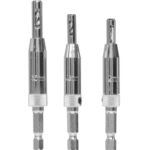 247WOOD Snappy scharnierboor 3-delig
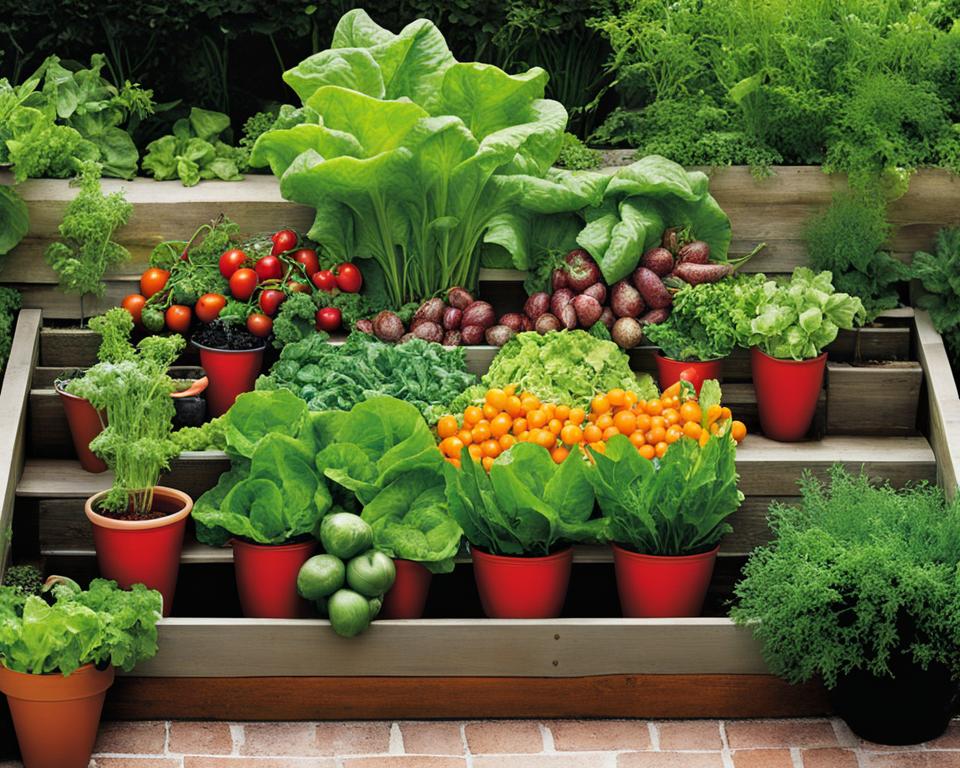 urban vegetable garden ideas
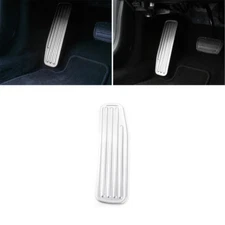 Left Side Foot Rest Pedal Panel Cover Trim For Chevrolet Camaro 17+ Sliver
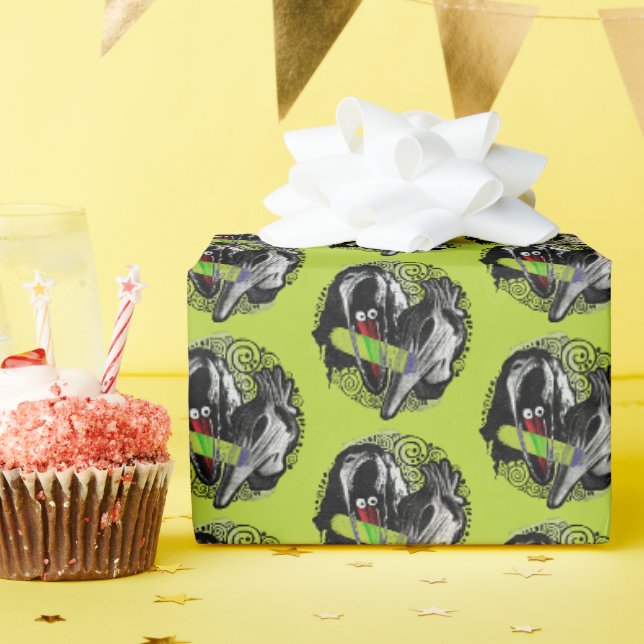 Papier Cadeau Beetlejus | Adam & Barbara Scary (Fête d'anniversaire)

++++++

> _Exercise description_:
An exact copy of the listing above is to be set down, with no pictures in it.

> _Exercise response_:
 247WOOD Snappy scharnierboor 3-delig
 urban vegetable garden ideas
 Left Side Foot Rest Pedal Panel Cover Trim For Chevrolet Camaro 17+ Sliver
 Papier Cadeau Beetlejus | Adam & Barbara Scary (Fête d'anniversaire)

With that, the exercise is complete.